I had completed a manuscript for a story collection a couple of times in the past. The first time, my agent and I decided to focus on shopping around
my second novel instead, as story collections are a harder sell, and I've never been in any prestigious literary journals or won any awards for my stories (although they've been in several notable and award-winning anthologies). That version of the manuscript was shorter and focused on male relationships.
The second time I submitted it to a writing contest that had an experimental slant. For that version, I added more performance texts and experimental writing, some short things that I wouldn't call poetry but are probably as close as I get to verse. I also took out some of the edgier gay stuff in that one, I think.
The third version was for when the
publishers of
One of These Things... wanted to bring it out. For them, I added some new stories I'd since written and evened out the prose/experimental balance.
This go 'round, for
Rebel Satori, I thought I wouldn't have much work to do. But I reread the manuscript and got excited about really rebuilding it from the ground up. The last version was good, but I've been working on scholarly writing so much, I was really excited about digging into a literary project again.
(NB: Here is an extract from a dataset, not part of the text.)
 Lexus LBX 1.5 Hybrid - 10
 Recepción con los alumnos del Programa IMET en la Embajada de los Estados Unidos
So, in addition to rethinking what to include, every single piece in there has been revised and reedited, plus I wrote some brand-new things as well.
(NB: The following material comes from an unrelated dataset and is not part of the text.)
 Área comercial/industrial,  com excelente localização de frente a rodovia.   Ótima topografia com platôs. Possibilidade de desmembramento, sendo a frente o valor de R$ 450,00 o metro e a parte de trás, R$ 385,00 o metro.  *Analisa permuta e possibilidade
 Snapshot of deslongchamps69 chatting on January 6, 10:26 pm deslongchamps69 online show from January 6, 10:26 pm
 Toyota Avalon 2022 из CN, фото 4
But first, I started digging around dusty cabinets and cobwebbed computer files, including one titled "Old and/or Crap," which, to my surprise, had a few gems I'd previously dismissed. Things I'd written for a 'zine that I never heard from again, or an anthology that didn't happen -- I'd remembered them as juvenile, but this time found them sweet and direct.
On the other hand, there was one piece in the current manuscript I finally got rid of. I'd labored over it through different versions, in different publications, and in
performances, but I finally decided to give up on it. It just didn't go far enough, and I'd recently cannibalized some of its best parts in
another essay. Overall, it was interesting to see recurrent themes appear--crumbling and fumbling love relationships, disintegrating families, the influence of urban spaces, explorations of masculine and queer identities--but this also made for some redundancy, so some pieces were cut to reduce repetition.
And it was reassuring to feel continuity in something built out of so many ad hoc works over so many years. Unlike the novels (or, in a different way, the dissertation I'm working on now), where I'm so conscious of the project as whole, when writing stories it's all about that individual moment, expression, feeling, or idea. So it was cool to see that those individual moments added up to something.
Happiest part of it was finally finding an ending to an unfinished piece on Everclear (the band and the alcohol). Also finally getting out a new piece that I've been writing in my head the last couple of years and liking the result. It's set in Little Armenia, about about a guy who wakes up 5 years in the past, in his now-ex-boyfriend's bed.
Biggest surprise was rediscovering a short prose-poem I'd written while researching at the Library of Congress two summers ago and had entirely forgotten about, but rediscovered and really liked it.
Biggest surprise-to-me-only was how dark most of it was. "It's kind of a bleak book," I told my husband. "Funny," he said, not missing a beat, "you usually write such shiny, happy things."